Determine crawl schedules
Published: May 12, 2010
The key variable that affects the load on the crawler, the network, and the remote Web servers is the request rate. This value is determined by the delay setting, which indicates how long the Web crawler should wait, after fetching a Web item, before requesting the next one.
For each Web site that is crawled concurrently, the overall Web item request rate will be a function of the delay and max_pending settings, as well as the response time of the Web server itself. The Web crawler's overall download rate depends on how many Web sites are crawling concurrently. The theoretical maximum speed is defined by dividing the value of the max_sites settings with the delay setting. However, the actual speed will generally be the number of concurrently crawling Web sites divided by the delay setting.

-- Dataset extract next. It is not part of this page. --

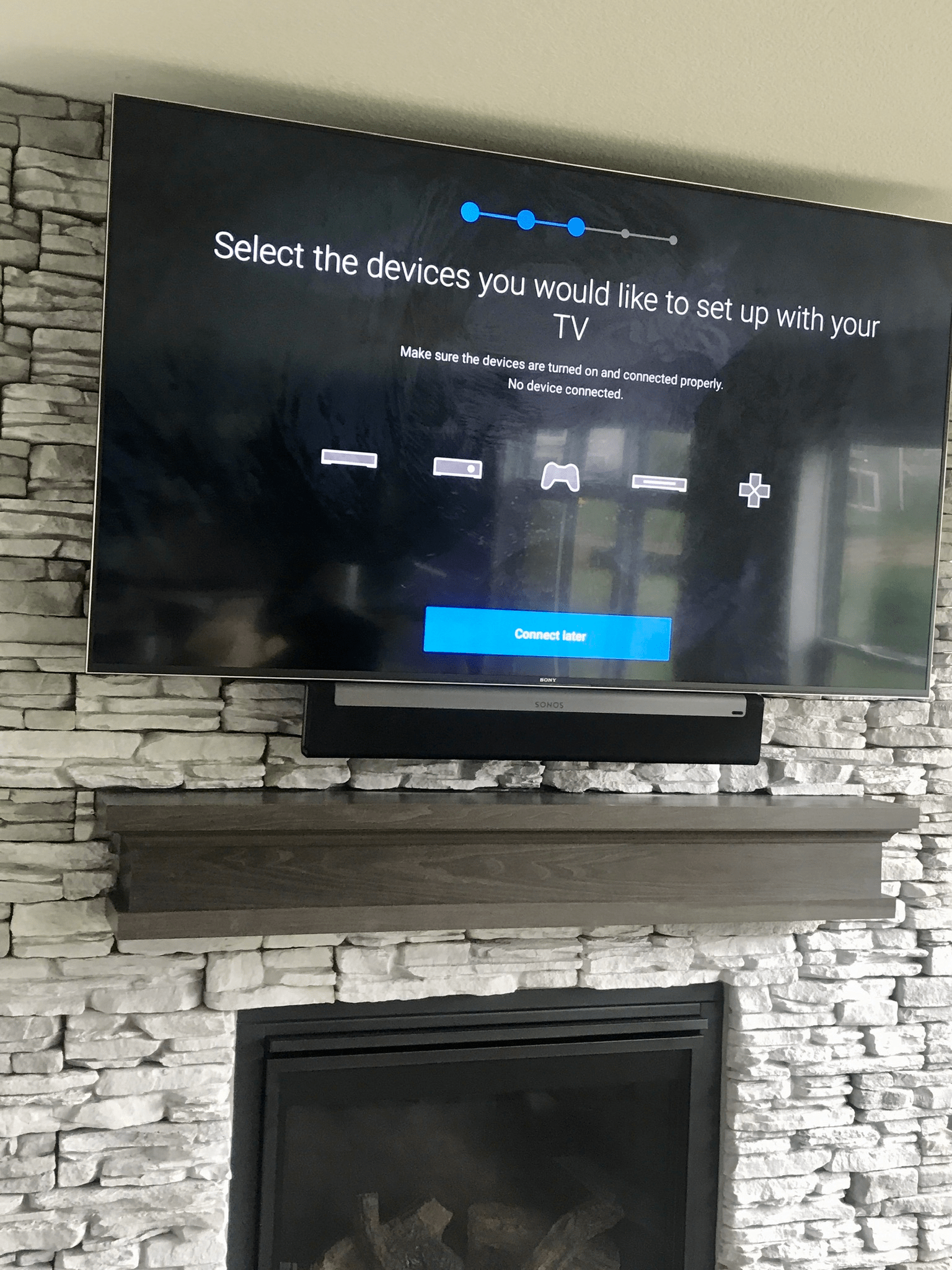 Clean, organized wall-mounted TV setup.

Do not overload any Web sites or servers you plan to crawl.
Use the default request rate of 60 seconds (or higher) when crawling Web sites that are not owned by the organization running the crawl. This rate avoids putting a high burden on the Web server from which Web items are being requested. For Web crawls within the same organization or network, lower values may be used, although note that using very low values (for example, less than 5 seconds) can be stressful on the systems involved.
The refresh interval, configured by the refresh setting, determines the overall length of the crawl cycle. The crawl cycle is the period of time over which a crawl should run without revisiting a Web site to see if new or modified Web items exist. Picking an appropriate interval depends on the amount of content to be fetched (which in turn depends both on the number of Web sites and how many Web items each contain) and the update rate or freshness of the Web sites. In some cases, there are many Web sites with very static/stable content, and a few that are updated frequently; these can be configured either as separate crawl collections, or given distinct settings through the use of a sub collection.

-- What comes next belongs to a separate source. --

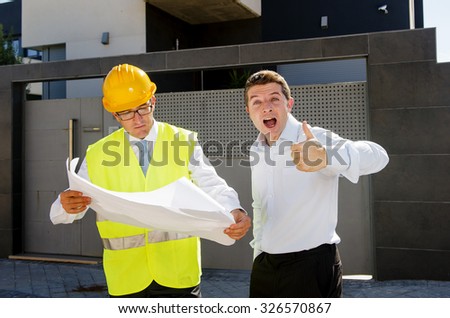 happy customer smiling giving thumb up and constructor foreman worker with helmet and vest talking outdoors on new house building blueprints in real state business and housing industry concept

The behavior of the Web crawler at the end of the crawl cycle depends upon the refresh_mode and refresh_when_idle settings, as well as and the current level of activity. If the refresh interval is sufficiently large to allow all Web sites to be completely crawled, and the refresh_when_idle setting is disabled, the crawler will remain idle until the refresh interval ends. If the setting is enabled, a new crawl cycle will start immediately. A new crawl cycle is started by adding the start URLs to the crawl work queue.